Reputation: 544
So I'm reading in a lot of data from a bunch of different files. One of the major speed hurdles is reading in data. The problem is that these files are in respective directories for their timestep which contains each variable for that timestep. So basically I have some functions that look like this.
def ReadFiles(path,points,directories,variables):
data = {}
for j in range(len(variables)):
data[variables[j]] = np.zeros((len(timeDirs),numPts))
for i in range(len(timeDirs)):
tfile = str(path) + "/" + str(timeDirs[i])
for j in range(len(variables)):
job_server.submit(ReadData,(args,data,i,j),modules=("np",))
def ReadData(args):
update path for the particular variable
read in data from file
data[variables[j]][i] = that data
TLDR Initialize the variables I have with numpy array into a dict. Then update the correct section inside another function that is parallelized.

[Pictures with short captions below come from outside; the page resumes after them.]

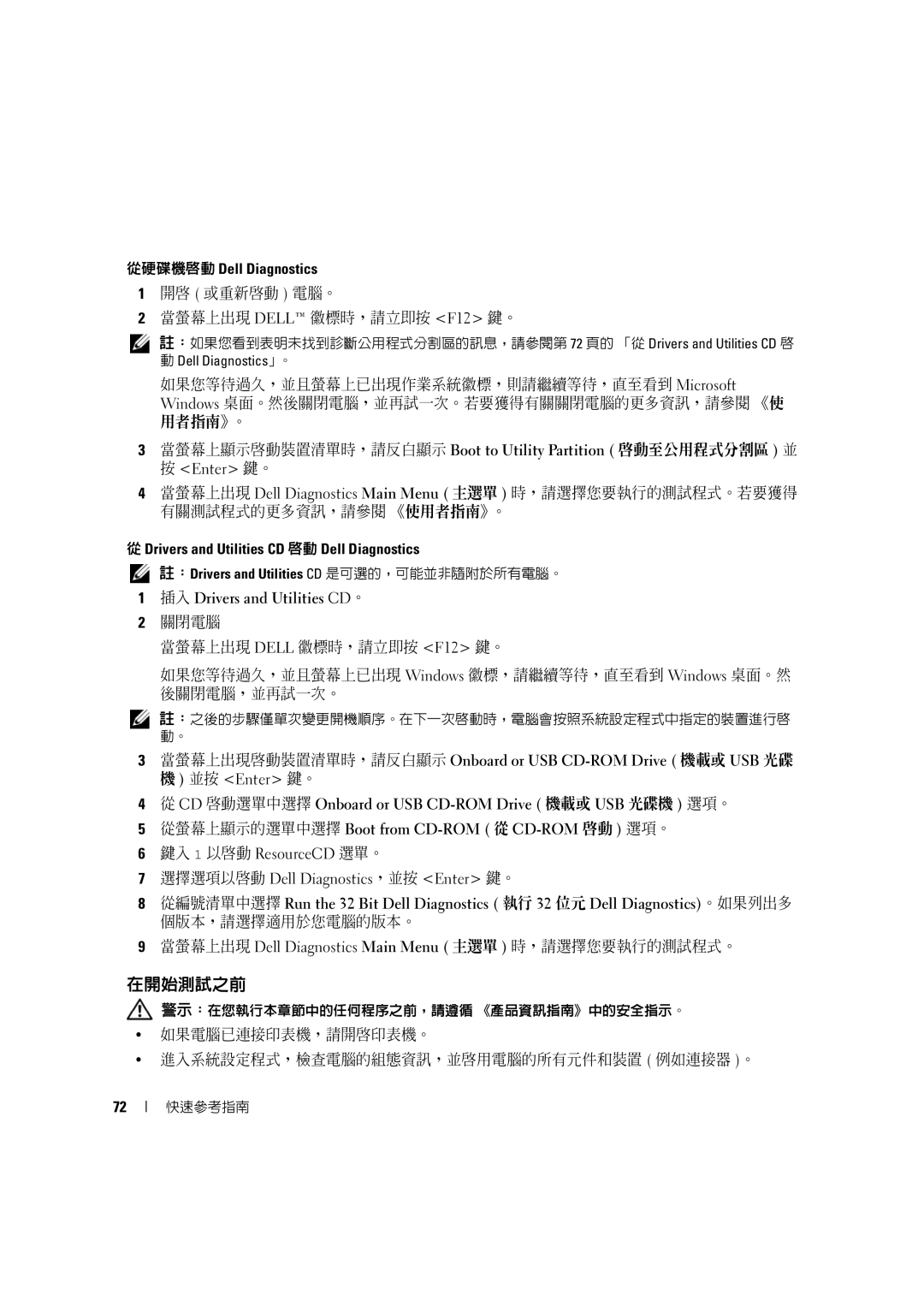 Dell D490 manual 在開始測試之前, 從硬碟機啟動 Dell Diagnostics, Enter 鍵。, Drivers and Utilities CD 啟動 Dell Diagnostics 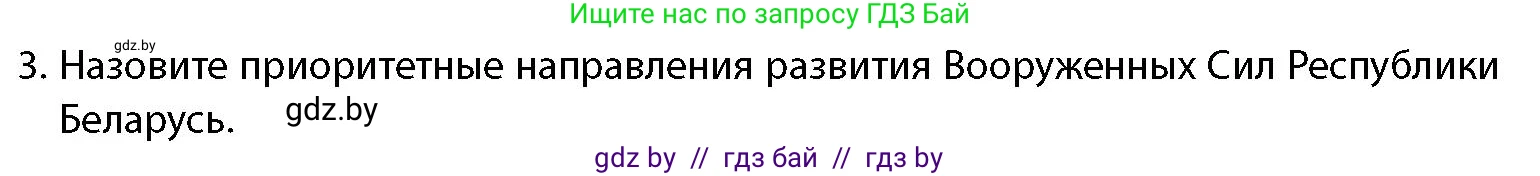 допризывная подготовка, 10-11 класс Учебник, авторы: Драгунов Вадим Валерьевич, Богдан Василий Генрихович, Городниченко Александр Николаевич, Дроговоз И Г, Кирпичев С Н, Мирончук С П, Павлющик А А, Ржеутский Л Я, Савчанчик С А, Стринкевич А Л, Хатешев Н С, Шелудков И Г, Шуканов С В, издательство Белорусская Энциклопедия имени Петруся Бровки, Минск, 2019, страница 79, номер 3, Условие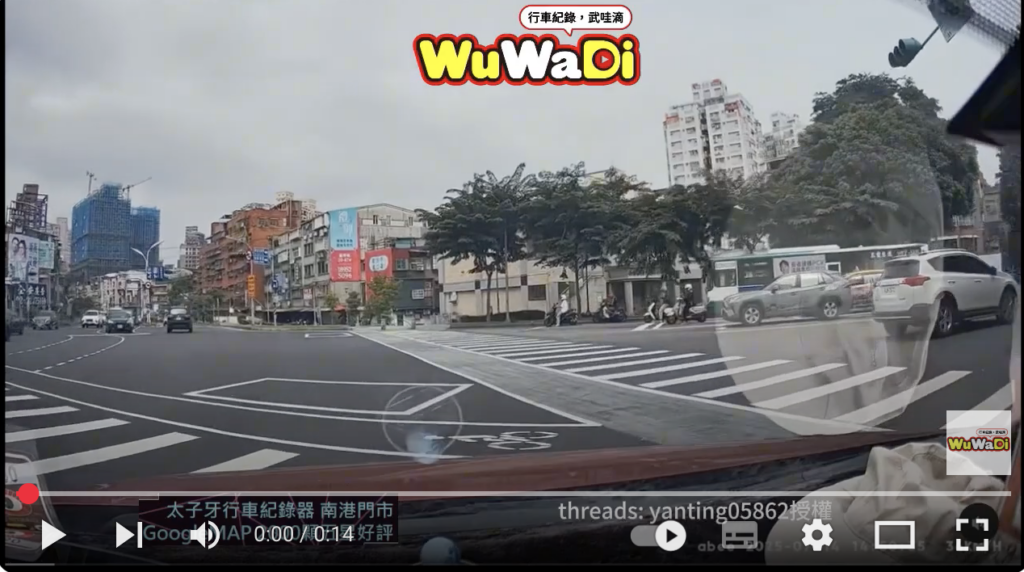 你看這台車他逆向他知道嗎！他逆向他知道嗎！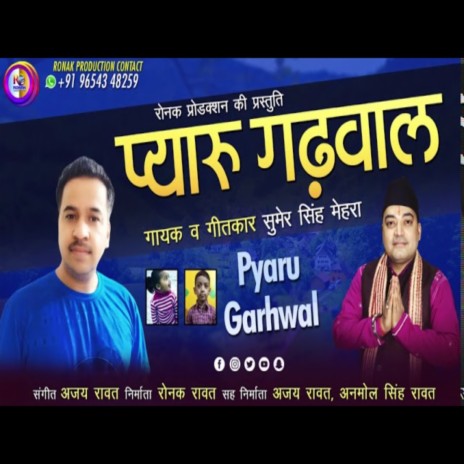 Pyaru Garhwal | Boomplay Music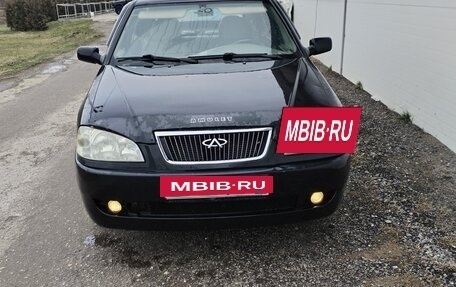 Chery Amulet (A15) I, 2007 год, 140 000 рублей, 2 фотография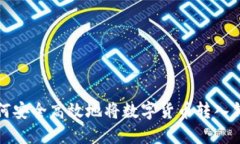 如何安全高效地将数字货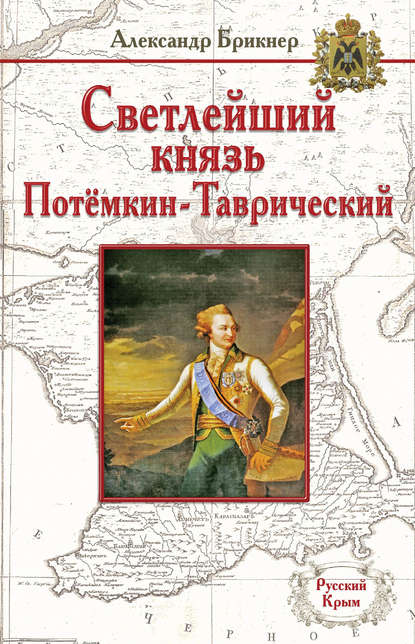 Книга Александр Густавович Брикнер, Александр Брикнер Светлейший князь Потёмкин-Таврический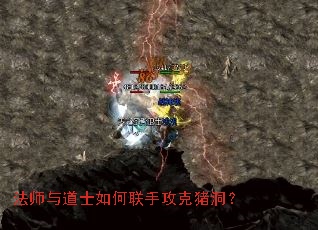 法师与道士如何联手攻克猪洞? 法师与道士如何联手攻克猪洞?
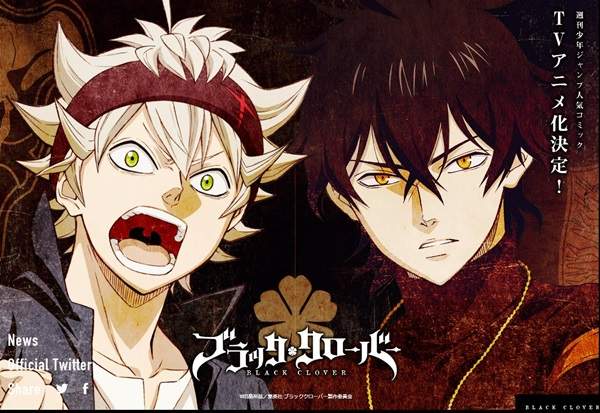 10月新番動畫《黑色五葉草》公布雙主角聲優為島崎信長＆梶原岳人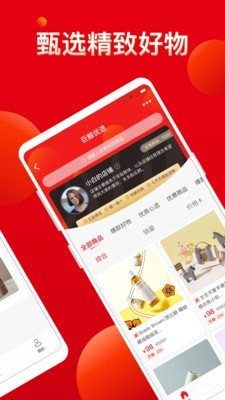 巨鲸优选APP官方客户端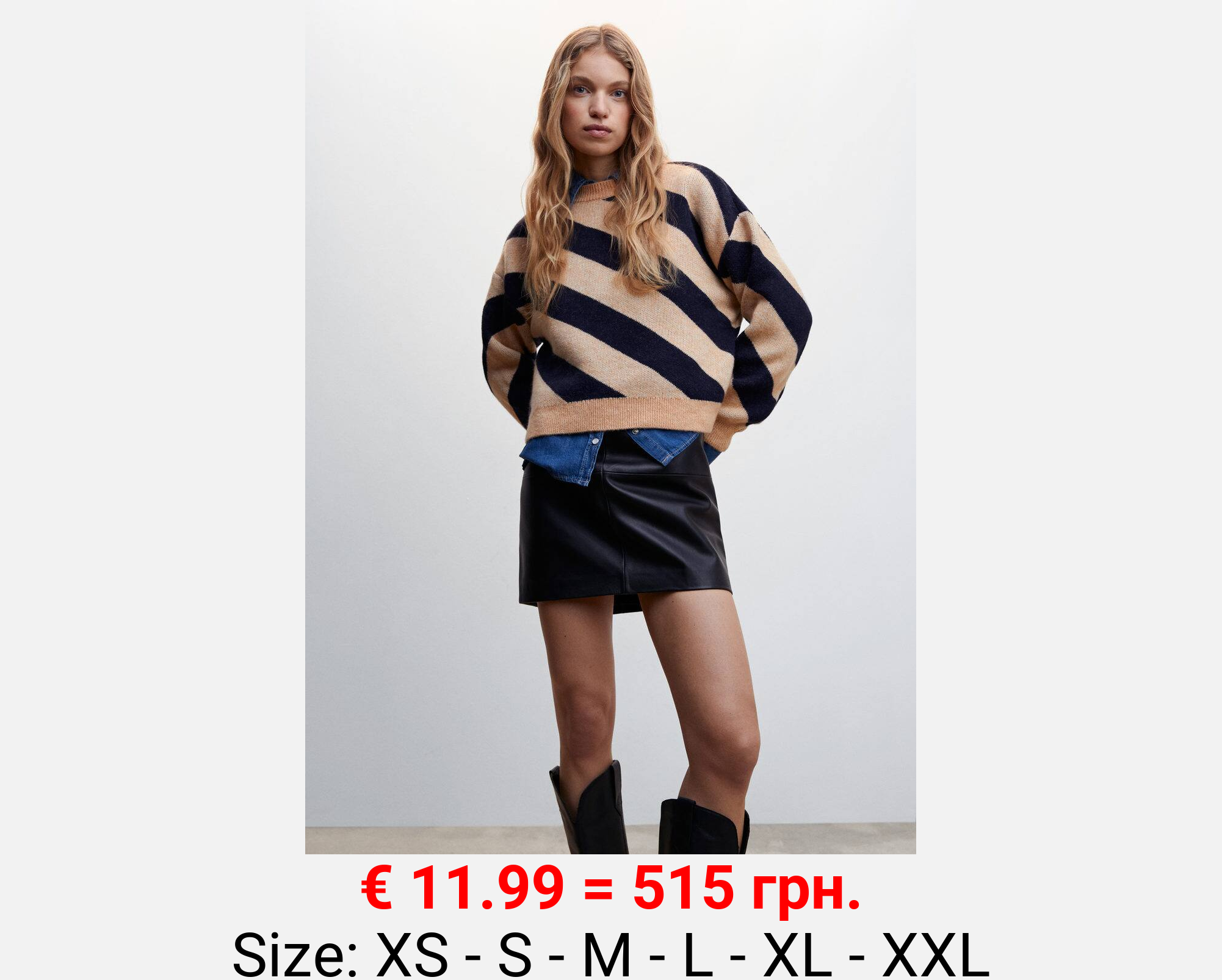 Jersey rayas cuello redondo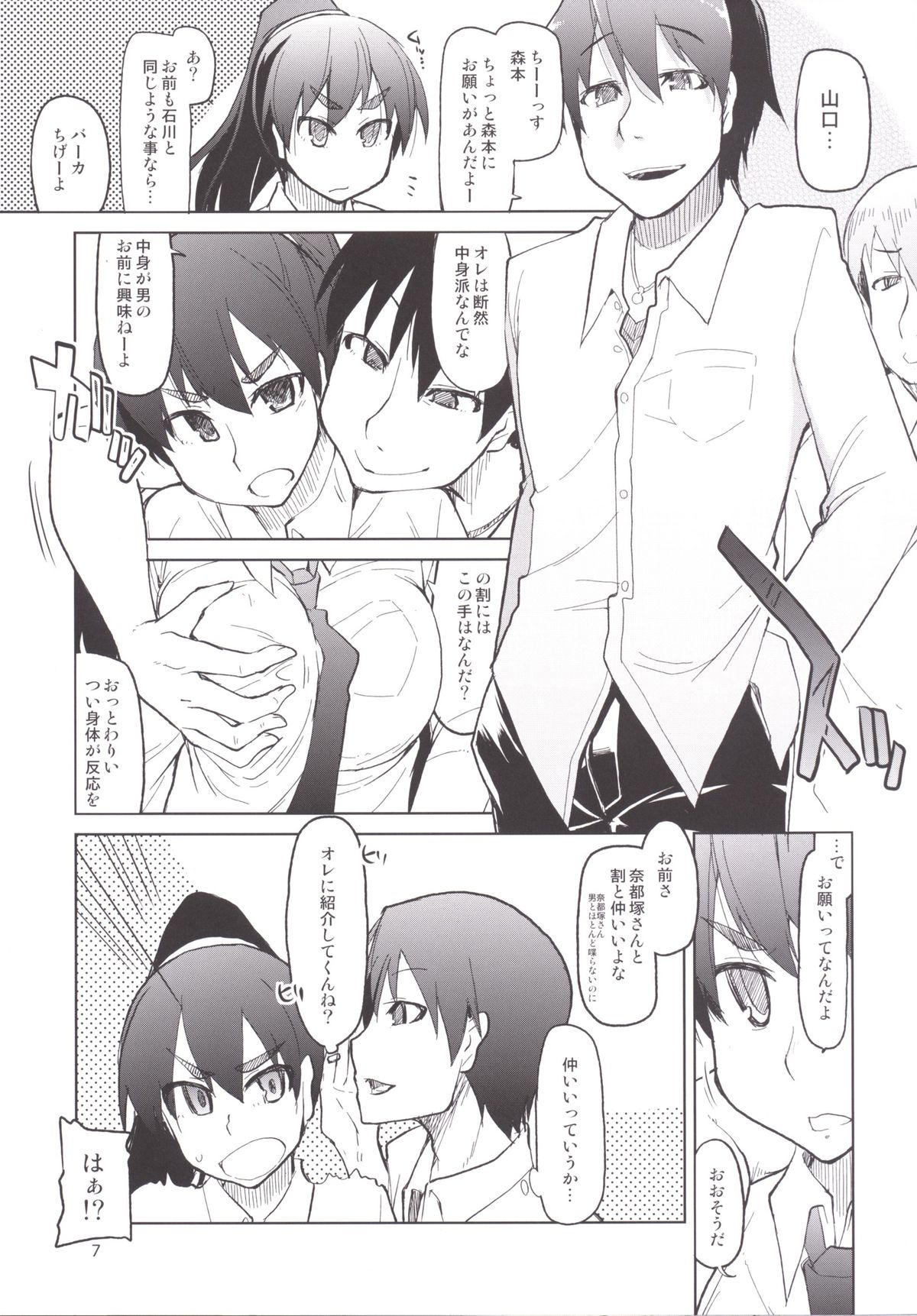 Natsuzuka-san no Himitsu. Soushuuhen Kouhen page 8 full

I am using parallel python. I would like to move this code to a cluster at some point. The error I get is
File "/home/steven/anaconda2/lib/python2.7/site-packages/pp.py", line 460, in submit
sargs = pickle.dumps(args, self.__pickle_proto)
MemoryError: out of memory
From watching my memory usage I can see that the RAM goes up and then the swap starts to fill. Once both are full I get the error. From some reading I gather that each of these processes is being passed a new dictionary, which means updating in parallel isn't an option.
I will note that I DO NOT get this memory error when I run this in serial. So is there a good way to store or pass this data back to my dictionary using parallel? The final data is stored into an hdf5 file, but those don't seem to want to be open and written to in parallel.
Is there a good solution? How do you handle large data in parallel?
Upvotes: 1
Views: 784
Reputation: 17853
Reading data in parallel isn't likely to gain you anything since you're going to be I/O bound for as long as you're reading data, one file at a time or all at once. I'd switch it around to read the data serially but kick off the data setup (in parallel, natch) once each file is loaded. If you can load the entire file in one go then process it from memory you may see the performance gains you seek, at the expense of memory.
If you're exhausting memory then you'll need to figure out how to write out some of the data as you go so that you can drop those dictionary entries.
It might be feasible to memory map the files instead of explicitly reading them, then parallelizing the processing may make more sense, depending on the speed of your data processing versus the speed of I/O. That will allow you to leverage the OS's scheduling, assuming your data processing while loading takes long enough.
Upvotes: 0